The EMPEROR-Reduced trial, presented by Dr Milton Packer (Baylor University Medical Center, USA), evaluated empagliflozin in 3,730 patients with mild, moderate, or severe chronic heart failure (i.e. class II, III, or IV) due to poor systolic function of the left ventricle (ejection fraction ≤40%) with or without diabetes type 2 diabetes (49.8% had diabetes). They randomly received empagliflozin (10 mg once daily) or placebo, in addition to appropriate treatments for heart failure.

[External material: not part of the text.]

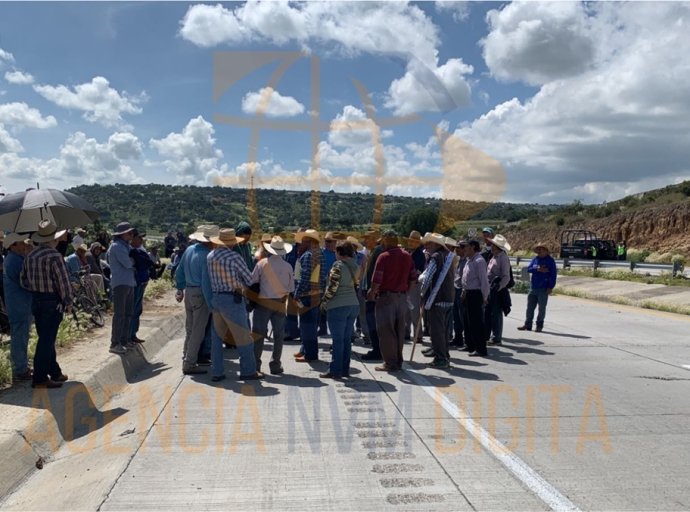 Comuneros Inician Bloqueo Indefinido en la Autopista Arco Norte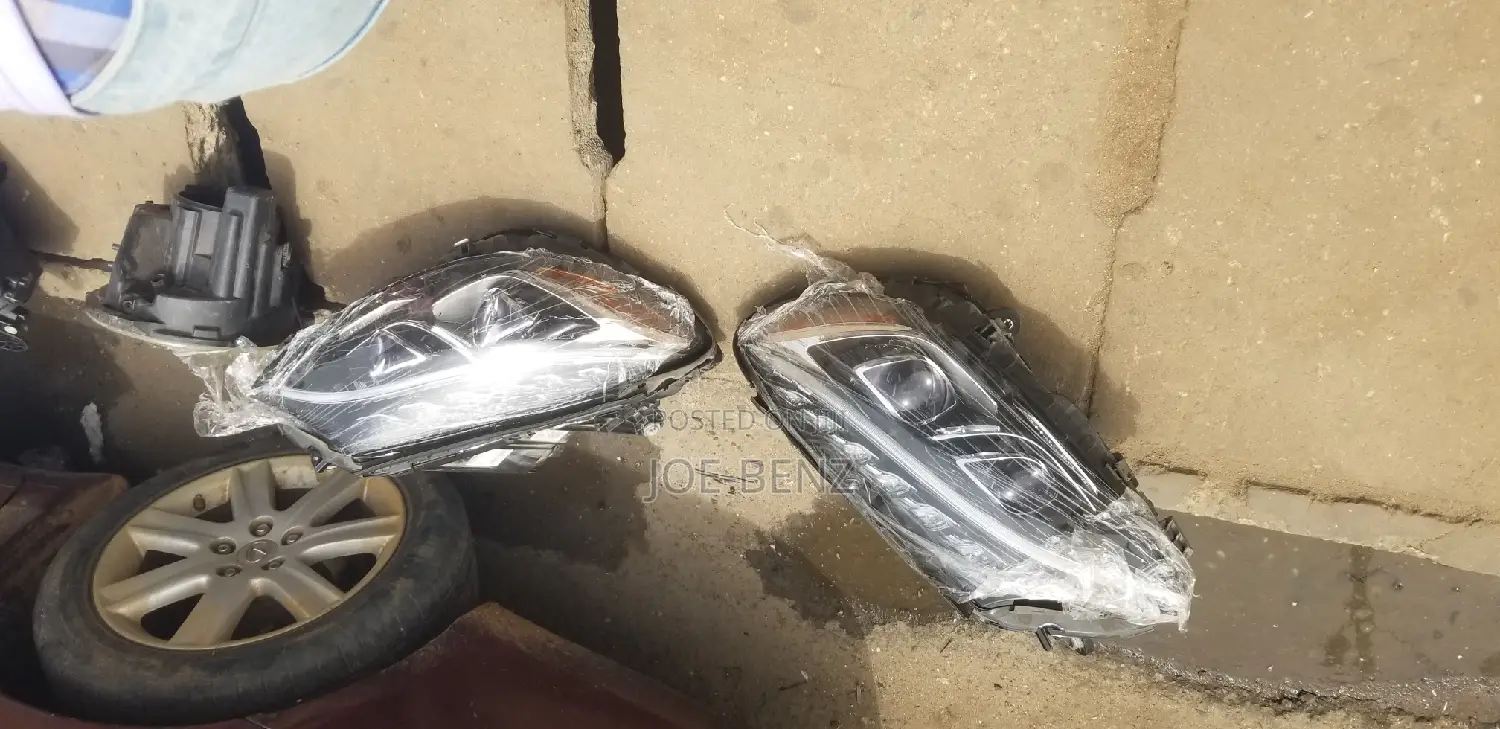 C300 2018 Double Charger American Headlights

The primary outcome of EMPEROR-Reduced was a composite of cardiovascular death or hospitalisation for worsening heart failure. During a median of 16 months, a primary outcome event occurred in 19.4% of patients in the empagliflozin group and in 24.7% in the placebo group (HR 0.75; 95% CI 0.65-0.86; P<0.001; see Figure). This effect of empagliflozin was consistent in patients regardless of the presence of diabetes.

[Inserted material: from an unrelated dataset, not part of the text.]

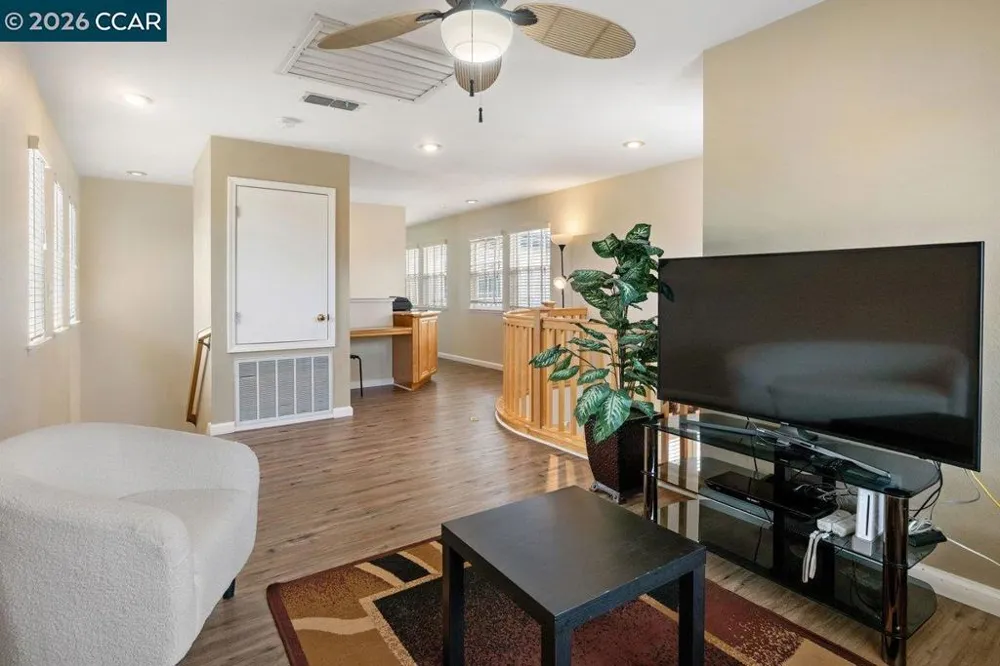 1615 Laurelbrook Dr Tracy, CA 95377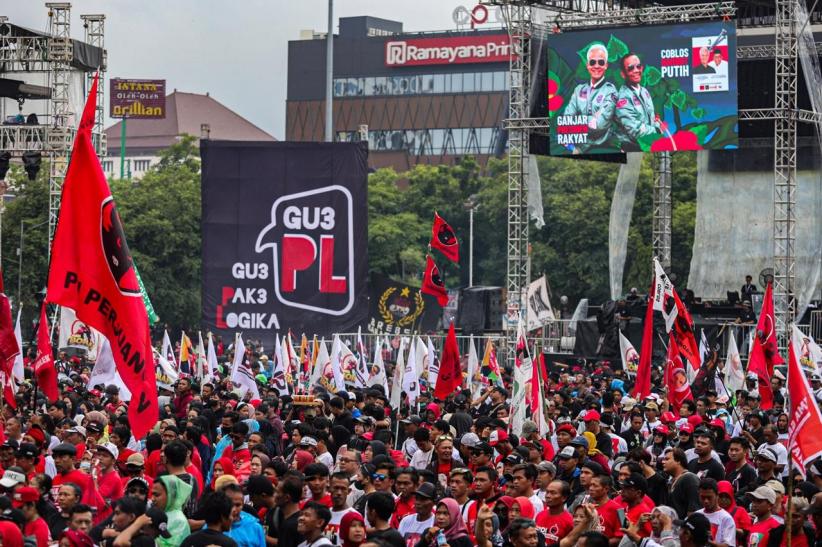 Ribuan Massa Pendukung Ganjar-Mahfud Berdatangan ke Simpang Lima Semarang - Bagian 1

Figure: Primary endpoint analysis for EMPEROR-Reduced [1]

The annual rate of decline in the estimated glomerular filtration rate was slower in the empagliflozin group compared with the placebo group (P<0.001). In addition, empagliflozin-treated patients had a lower risk of serious renal outcomes. Uncomplicated genital tract infection was reported more frequently with empagliflozin.

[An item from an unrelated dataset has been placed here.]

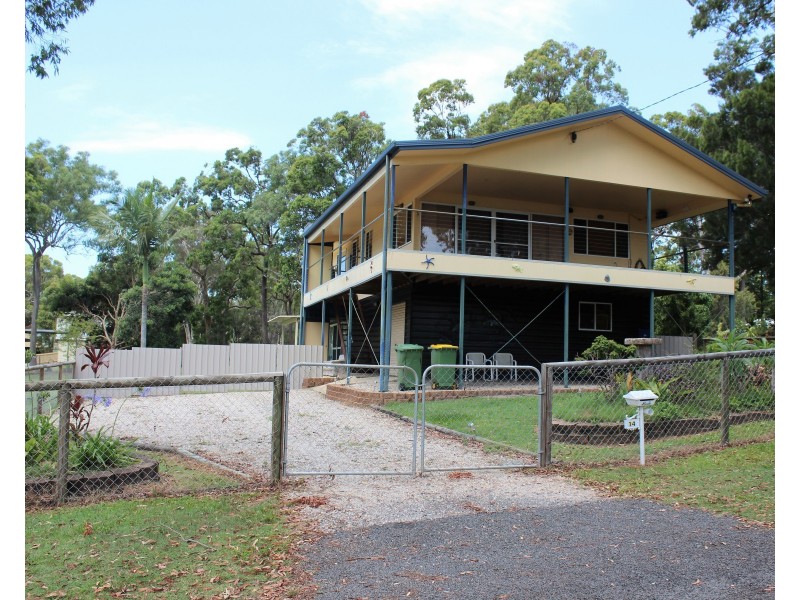 14a Whiting St, Macleay Island QLD 4184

The EMPEROR-Reduced results confirm the DAPA-HF outcome that SGLT2 inhibitors have clinically important benefits and are well tolerated. According to Dr Packer, the findings from both trials now provide compelling evidence that SGLT2 inhibitors should be added to currently recommended treatments for patients with and without diabetes with chronic heart failure and a reduced ejection fraction.

1. 
   
   1. Packer M. EMPEROR-Reduced: Empagliflozin in heart failure with a reduced ejection fraction, with and without diabetes. Hot Line 1, ESC Congress 2020, 29 Aug.
   2. Packer M, et al. New Engl J Med. 2020; August 29. DOI: 10.1056/NEJMoa2022190.
   3. Zannad F, et al. The Lancet. 2020; August 30. DOI: 1016/S0140-6736(20)31824-9.
   4. McMurray JJ, et al. N Engl J Med. 2019 Nov 21;381(21):1995-2008.